To some Americans, Canada can feel like an extension of the U.S. But when it comes to human growth hormone (HGH), the boundary between the two countries is a medical brick wall.
This is an article from the Sept. 27, 2010 issue
In Canada human growth hormone can generally be prescribed for "off-label" uses. That means Canadian doctors can use HGH to treat conditions for which the drug has not been explicitly approved. Thus Dr. Anthony Galea's use of HGH in patients in Canada is not against the law. Bringing HGH into the U.S, however, is illegal, and using HGH to treat athletes without therapeutic-use exemptions violates sports doping rules.
Off-label prescribing of drugs is not uncommon in the U.S.—some blood-pressure medications are prescribed to help headaches, for example—but federal law bans the off-label use of HGH. Oddly, anabolic steroids, which are controlled substances, can be prescribed off-label, while HGH, which is not a federally controlled substance, cannot. According to Rick Collins, a lawyer in Mineola, N.Y., with expertise in steroid law, disgraced Canadian sprinter Ben Johnson is one reason for that bizarre twist of law.
After Johnson's failed drug test at the 1988 Seoul Olympics, Congress held hearings on the use of anabolic steroids and growth hormone in sports. Steroid trafficking was already a crime, but until Congress passed the Anabolic Steroids Control Act in 1990 (thanks to testimony from coaches and doctors about the widespread abuse in sports), possessing steroids was not illegal. HGH was nearly added to the controlled substances list at the same time, but medical experts convinced Congress that HGH should not be "tarred by the same brush used for anabolic steroids," in the testimony of Dr. Louis Underwood, a pediatric endocrinologist. Underwood stated that HGH had not been shown to have as serious side effects as steroids and that making HGH a controlled substance would slow research on the drug.

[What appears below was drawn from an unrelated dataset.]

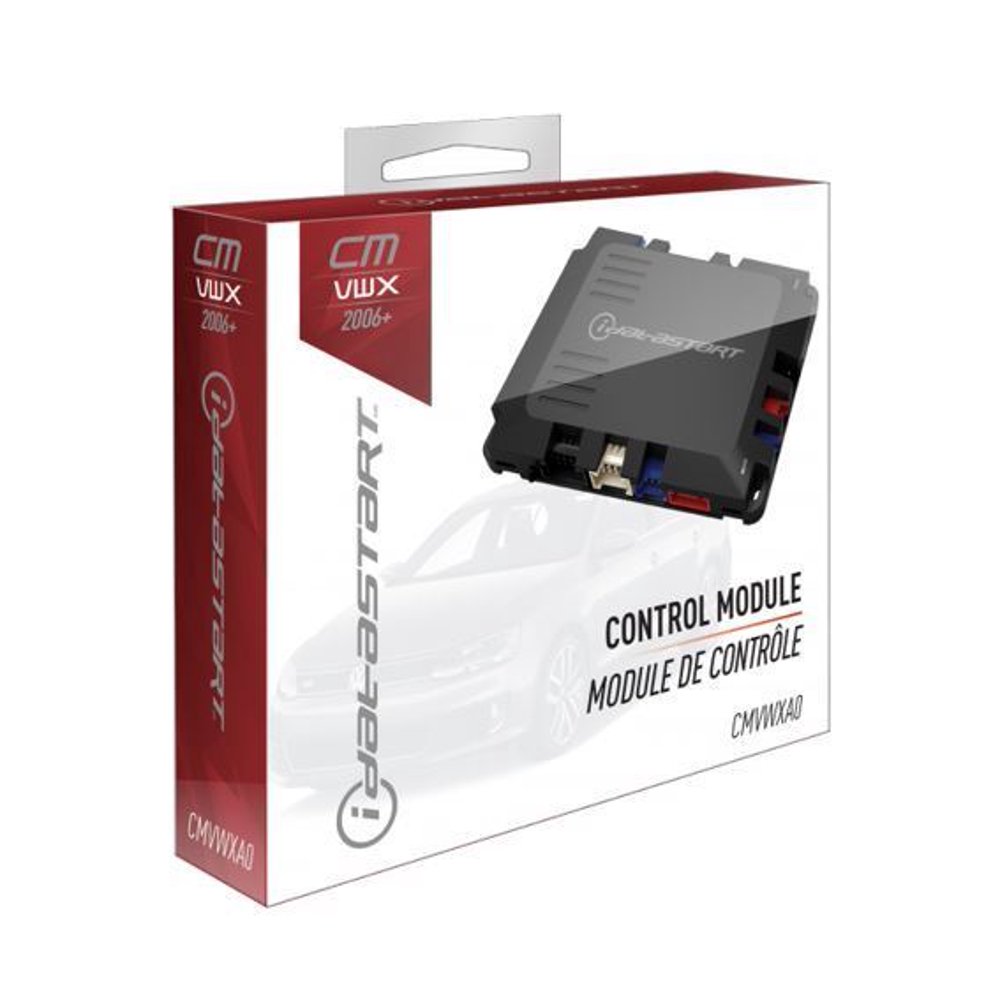 iDataLink CMVWXA0 Remote Start Module for Audi Volkswagen VW Bentley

In an apparent effort to regulate HGH less tightly than steroids, Congress swapped HGH into the trafficking law from which steroids had been removed. But the wording of the regulations got ambiguous. Today, the law effectively limits distribution of HGH to adults to three specific FDA-approved treatments: for AIDS-related wasting, short bowel syndrome and growth hormone deficiency. The law has been interpreted to bar off-label prescribing of HGH, whether or not that was the original intent (and, some doctors argue, regardless of whether potential off-label applications show therapeutic promise).
Interpreting the law has been confusing for many American doctors, and apparently for Galea as well. At a March talk in Vancouver, Galea said off-label use of HGH is allowed in the U.S. and cited Florida orthopedic surgeon Allan Dunn as a pioneer of it. Dunn has treated approximately 1,000 patients with HGH, including athletes; former NFL running back Abdul-Karim al-Jabbar was a patient. Dunn says he found that injecting growth hormone into the joints of mature rabbits regenerated cartilage, and that HGH injected into knees helps the human body to grow cartilage. "This has saved a number of my patients from needing a total knee replacement," says Dunn, adding that off-label use of HGH is "perfectly legal in many states." (Research indicates that many states simply don't have an explicit law regarding off-label use.)
It is unlikely that any Florida agency would take issue with Dunn's prescribing of HGH, but federal agents who monitor HGH issues could pay him a visit if they were so inclined. As some medical marijuana dispensaries in California have learned the hard way, just because a state law does not line up with a federal law does not mean the federal law is moot.
Dr. Thomas Perls of Boston University Medical Center has written articles for medical journals informing doctors that the off-label prescribing of HGH is illegal. Perls has other qualms with Galea's take on HGH as well. In a 2007 e-book Galea called HGH possibly "the one hormone that may actually reverse the aging process." Perls, an expert in the science of aging, calls HGH antiaging claims "the worst kind of quackery and hucksterism." He notes that studies suggest that growth hormone promotes the spread of existing tumors. "If that's true," he says, "then it can really cause great medical harm with no benefit." According to colleagues and patients, Galea has his middle-aged clients tested for tumors before treating them with HGH.